Researchers Philipp Beiter and Eric Lantz from the US National Renewable Energy Laboratory (NREL), together with collaborators from the Lawrence Berkeley National Laboratory and the US Department of Energy, have elicited opinions from more than 140 of the world’s leading wind energy experts and collated their expectations about wind plant design in 2035.

Their results have been published in an article, ‘Expert perspectives on the wind plant of the future’, which has appeared in the journal Wind Energy.
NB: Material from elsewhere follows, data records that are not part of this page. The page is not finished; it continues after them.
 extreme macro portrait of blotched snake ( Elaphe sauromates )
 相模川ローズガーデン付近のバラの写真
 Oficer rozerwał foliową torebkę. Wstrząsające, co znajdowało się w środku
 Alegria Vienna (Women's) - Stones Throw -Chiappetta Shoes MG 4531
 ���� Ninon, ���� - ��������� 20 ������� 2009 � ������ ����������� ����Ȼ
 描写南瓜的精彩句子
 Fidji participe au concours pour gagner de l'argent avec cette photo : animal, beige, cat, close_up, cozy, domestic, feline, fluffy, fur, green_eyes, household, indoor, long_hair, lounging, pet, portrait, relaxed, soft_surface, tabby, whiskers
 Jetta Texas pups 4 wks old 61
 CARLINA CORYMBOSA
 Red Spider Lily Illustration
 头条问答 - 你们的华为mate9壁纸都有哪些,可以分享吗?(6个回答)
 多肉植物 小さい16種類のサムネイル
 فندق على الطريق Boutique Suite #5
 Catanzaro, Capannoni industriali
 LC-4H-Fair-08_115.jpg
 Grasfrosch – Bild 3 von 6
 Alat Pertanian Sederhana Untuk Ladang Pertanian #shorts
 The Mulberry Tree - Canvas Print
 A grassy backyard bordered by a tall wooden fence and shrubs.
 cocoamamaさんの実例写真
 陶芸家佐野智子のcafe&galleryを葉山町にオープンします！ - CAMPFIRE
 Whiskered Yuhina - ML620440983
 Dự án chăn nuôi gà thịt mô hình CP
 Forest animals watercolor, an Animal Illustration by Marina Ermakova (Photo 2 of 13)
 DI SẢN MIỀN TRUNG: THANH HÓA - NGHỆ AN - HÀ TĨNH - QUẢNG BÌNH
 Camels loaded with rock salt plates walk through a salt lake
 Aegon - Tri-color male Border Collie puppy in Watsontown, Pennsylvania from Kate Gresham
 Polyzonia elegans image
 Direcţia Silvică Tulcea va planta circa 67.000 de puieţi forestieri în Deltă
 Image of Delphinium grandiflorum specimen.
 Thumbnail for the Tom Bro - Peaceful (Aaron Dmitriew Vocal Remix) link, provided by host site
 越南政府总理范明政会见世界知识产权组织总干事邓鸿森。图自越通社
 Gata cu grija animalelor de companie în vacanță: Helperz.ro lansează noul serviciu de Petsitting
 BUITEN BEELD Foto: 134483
The researchers found that the height of wind turbines is expected to increase even more than previously forecast, with plants increasingly located in regions less favourable for wind energy.

In the ‘most-likely’ scenario, respondents predicted that hub height for newly installed onshore wind turbines will reach 130 metres in 2035, rather than the 115 m forecast by a 2015 survey, which looked 15 years to 2030.

These and other design choices discussed in the article, in plants of 1100 MW for fixed base units and 600 MW in floating arrays, can support levelised cost of energy (LCOE) reductions of 27% (onshore) and 17%–35% (floating and fixed-base offshore) by 2035 compared to today. New plant designs will also enhance wind energy’s grid service, for example, via project hybridisation with batteries and hydrogen production.

The authors identified economic mechanisms that drive these design changes, including economies of scale from larger turbines, larger plant size, and greater siting flexibility. In essence, these mechanisms drive design choices because the value from reduced costs or higher energy production exceed the incremental expense to obtain them.

The global expert survey was made possible through an international research partnership under the auspices of the International Energy Agency Wind Technology Collaboration Programme, and funded by the US Department of Energy’s Wind Energy Technologies Office.